Лев Толстой о лошади

Юрий Боченин
    Лев Николаевич Толстой с детства и до самой глубокой старости с особым любовью и пониманием относился к лошадям. Ему приходилось идти за лошадью с плугом, а будучи уже за восемьдесят лет он почти ежедневно с привычной ловкостью садился в седло и одолевал верхом не один десяток километров по лесистым окрестностям Ясной Поляны.  Уже отказавшись от права собственности на усадьбу и доход  от продажи своих произведений, он помогал неимущему крестьянину в покупке лошади.
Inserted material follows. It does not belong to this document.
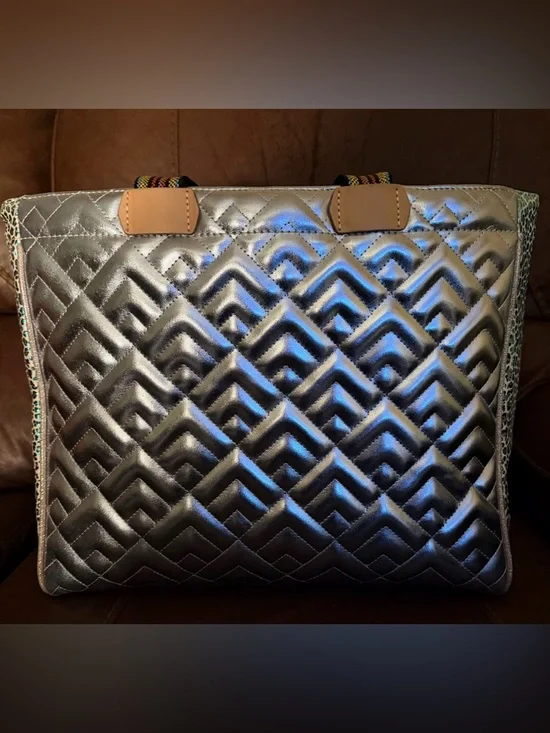 Consuela Silver Quilted Tote with Rainbow Straps - Picture 2 of 14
   Век Толстого – это век лошади.  Хотя паровоз, автомобиль, аэроплан появились в годы его зрелости, они в народе не имели существенной значимости – основной тягловой силой при поездках и при обработке пашни оставалась лошадь.

   Почти во всех произведениях писателя упоминается лошадь или мельком, или по ходу действия развёрнуто. Толстой не старается изобразить лошадь с точки зрения коневодства: как-то порода, масть, экстерьер, стати, постановки ног, состояние зубов и т. д. Писателя интересует, прежде всего, взаимоотношения животного и человека, их не только материальная, но и духовная связь.
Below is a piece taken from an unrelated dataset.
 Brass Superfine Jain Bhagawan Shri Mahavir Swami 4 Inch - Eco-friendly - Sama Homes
   Уже в первом своём произведении «Детство» в главах о подготовке к охоте и самой охоты Толстой видит лошадь глазами маленького дворянина Николеньки:

   «Я был в сильном нетерпении: взлез на свою лошадку, смотрел ей между ушей и делал по двору разные эволюции.

  – Собак не извольте раздавить, – сказал мне какой-то охотник.

  – Будь покоен: мне не в первый раз, – отвечал я гордо».

  Маленький Николенька с восхищением завидует своему брату:

   «На лошади же он был очень хорош – точно большой. Обтянутые ляжки его лежали на седле так хорошо, что мне было завидно, – особенно потому, что, сколько я мог судить по тени, я далеко не имел такого прекрасного вида».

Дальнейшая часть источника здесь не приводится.